Would you ever believe what you knew was a lie?
Overwhelmingly, most people would say they would never do such a thing.
But what if…
Your job depended on your belief in a lie? Let’s say your employer makes a product that could cause consumers to become seriously ill. Your employer tells you that part of your job involves telling the public the product is safe. But you know it isn’t safe.
Do you quit? Not in this economy you wouldn’t.
Do you challenge your employer’s message to the public? It would be a good way to get demoted or fired.
Or what if…
The truth is just too hard to take. Let’s say you have an interest in genealogy. You research your family history and discover that some ancestors held slaves. Family and friends start asking you what you have found out.
Do you lie or leave out this part of the family tree? Then you are acting in agreement with a lie and you are encouraging others to believe it.

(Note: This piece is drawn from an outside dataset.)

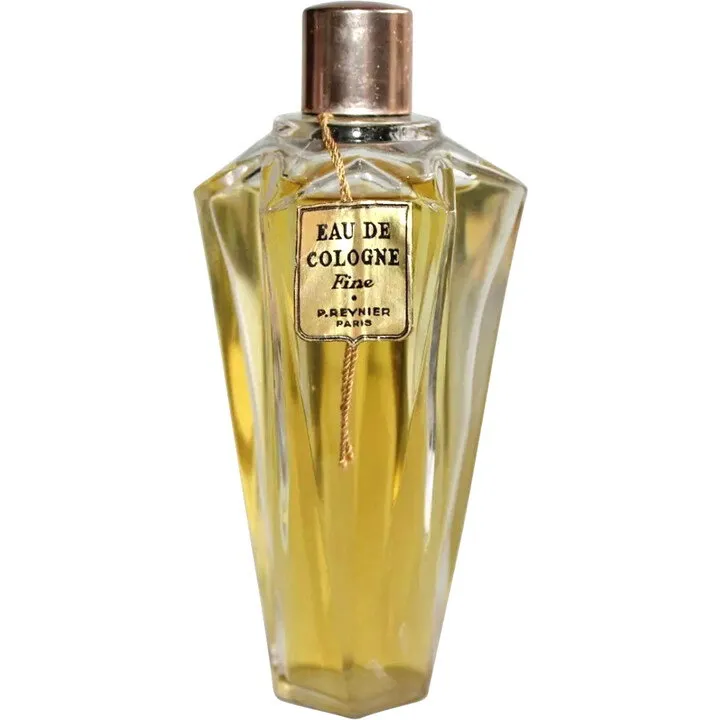 P. Reynier Eau de Cologne Fine perfume bottle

Do you admit what you have found out? Maybe you would, but from my experience, this admission is not especially common.
Or how about if…
Something else was more important than believing the truth? Let’s say you are looking for an edge to get into college. You didn’t really serve as the president of your schools’ honor society or work on the newspaper, but mentioning these lies would help your chances with little chance of getting caught.
Do you put the lies in, figuring “everybody does it”? This would be a type of justification and, in this case, hardly likely to be true.
Do you ever admit the truth to anyone? If not, you perpetuate a lie.
These situations involve individuals and companies and failure to reveal the truth could cause harm to others. We know or hear of these types of lies and most people would be quick to condemn them. Why? Because there would be little backlash for calling out the liars. Not even the company that makes dangerous products is a match before the proper court or government agency.
So let’s raise the stakes.
What if the truth implicated the very pillars of our society? Actors such as the media, the government or the armed forces communicate to masses of people who rely upon the information they provide.
Despite complaints by members of the public about these institutions, polls show that most people believe the news they get from them. Is it because we believe we are receiving the truth or because of the possibility of backlash if we do not?
History tells us that our government has frequently deceived the public to go to war. The Spanish-American War, the Viet Nam War and the War in Iraq are three examples in which our leaders repeated lies over what started the war and why we were going to fight it. The mainstream media and the military joined the chorus and sold those lies as well.
Facts were brought to the attention of our leaders and the public (like the lack of weapons of mass destruction, for example) but support for the wars continued, anyway.
I go back to my original question: Would you ever believe what you knew was a lie?
If you supported wars such as the recent one in Iraq and you knew the reasons for going were false, then you have done just that.
Why did you do it? Was your job at stake? Were you afraid of your standing among your peers for coming out against something popular? Are you connected to those pillars that lie to us?
You know the answer. If you believe something is more important than the truth, maybe now is the time to explain to yourself what that is.